Fracking
A series of 11 small earthquakes in Youngstown, Ohio, may have been caused by wastewater injection wells used by oil and natural gas drillers, according to AP. treehugger.com

A U.S. Geological Survey team is preparing to publish a report that has drawn a link between hydraulic fracturing and an increase in earthquakes in the U.S.

The study's findings will be a topic of discussion later this month when the Seismological Society of America meets in San Diego.

Only the study's abstract is available to the public, but its findings suggest hydraulic fracturing has helped increase the number of earthquakes near the Raton Basin along the Colorado-New Mexico border west of Trinidad, Colo.

Hydraulic fracturing involves the high-pressure injection of thousands of gallons of water, sand and drilling chemicals deep underground to fracture natural gas-yielding rocks. The drilling technique has been used for decades but has, in the past several years, been revolutionized when drillers learned how to drill and fracture rocks horizontally.

The technique has spurred an energy boom in the Northeast and in Ohio, Wyoming, Colorado and Texas. Opponents, however, say it is harmful to the environment and to people.

Kara Capelli, a spokeswoman for the USGS, said the study's findings do not explicitly indicate the hydraulic fracturing of shale rocks itself as the source of earthquakes. Rather, injection wells, dug into the ground to hold hydraulic fracturing wastewater and drilling chemicals, are responsible, according to the study's abstract.

A remarkable increase in the rate of [Magnitude 3] and greater earthquakes is currently in progress in the US midcontinent, the abstract reads.

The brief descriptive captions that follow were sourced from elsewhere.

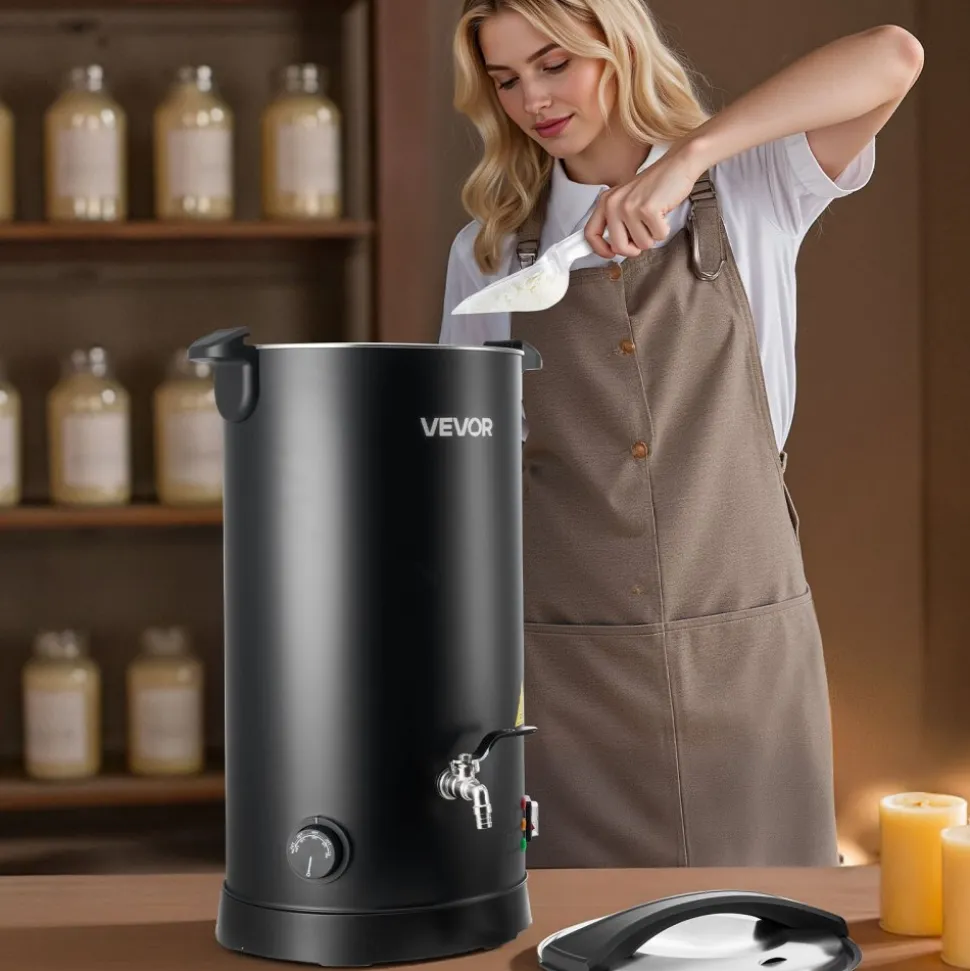 VEVOR Wax Melter for Candle Making, 15.9 Qts, Fast and Even Heating, with Easy Pour Spout and Temperature Control, Hourglass Base for Non-Stick Smooth Flow, Wax Melting Pot for Making Candles Soaps
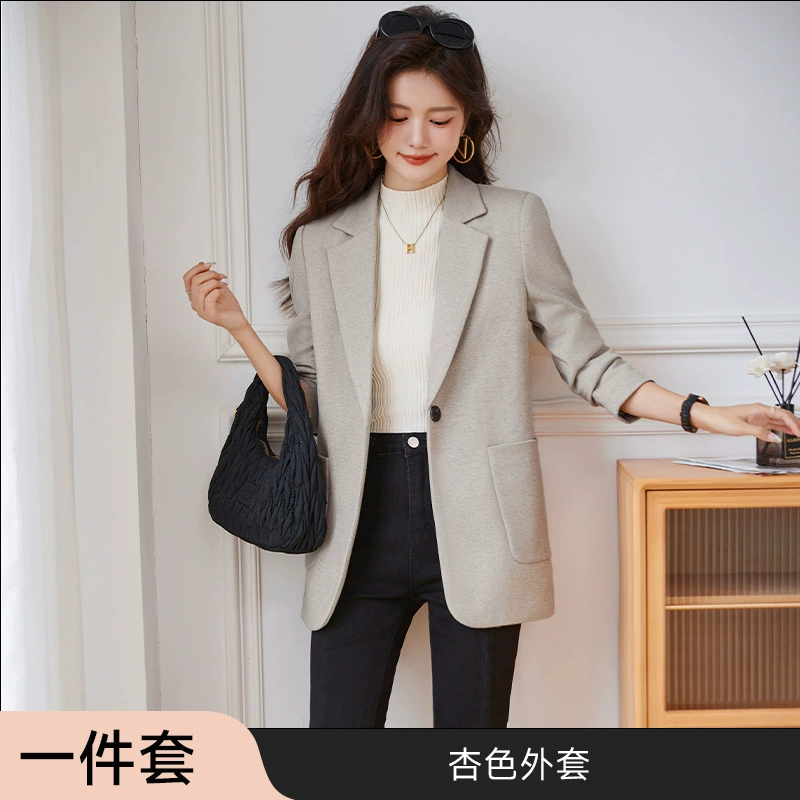 Apricot demi-season small classic suit jacket, thermal underwear for leisure, 2023 collection, for teenagers, autumn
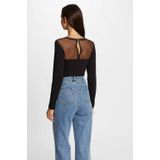 Morgan - Top - Zwart - Viscosemix - V-hals, Lange Mouwen, Studsmesh Details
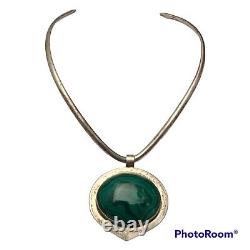 NAVAJO Vintage Lowell Draper Sterling Silver Malachite CHOKER Necklace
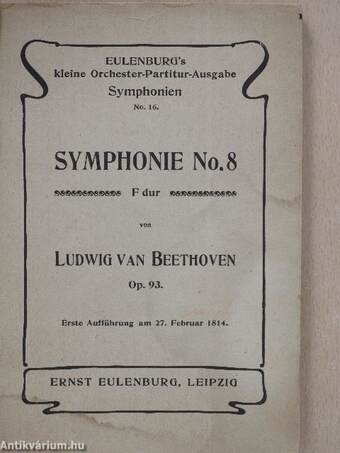 Symphonie No. 8. F dur, Op. 93.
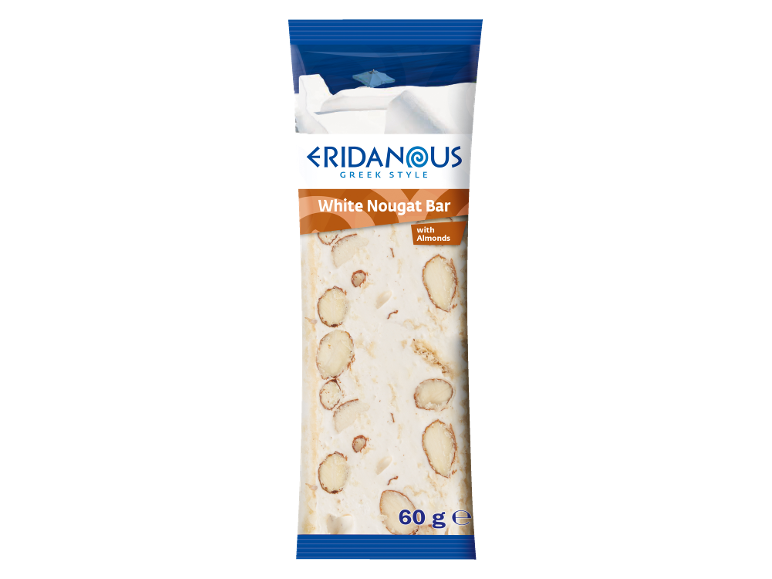 Vit nougatbar med mandlar, grekisk stil, med medelhavslandskap i bakgrunden.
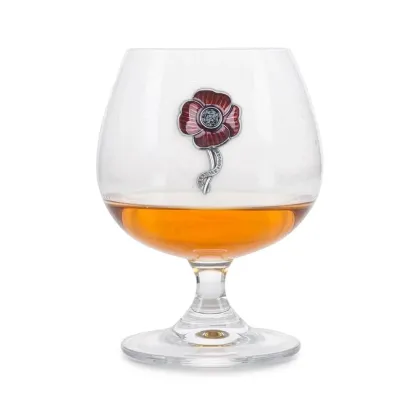 Zdjęcie Prezent - kieliszek do brandy z cynowym emblematem – makiem „Abyśmy nie zapomnieli”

The average number of M >= 3 earthquakes/year increased starting in 2001, culminating in a six-fold increase over 20th century levels in 2011.

According to the findings, as outlined by what is available to the public, there were an average of 21 magnitude 3 earthquakes a year between 1970 and 2000. That number started climbing between 2001, and by 2011, the USGS was registering roughly 134 magnitude 3 earthquakes on average.

A naturally occurring rate change of this magnitude is unprecedented outside of volcanic settings or in the absence of a main shock, of which there were neither in this region, read the report. While the seismicity rate changes described here are almost certainly manmade, it remains to be determined how they are related to either changes in extraction methodologies or the rate of oil and gas production.

The Seismological Society of America will meet in San Diego on April 17 through 19.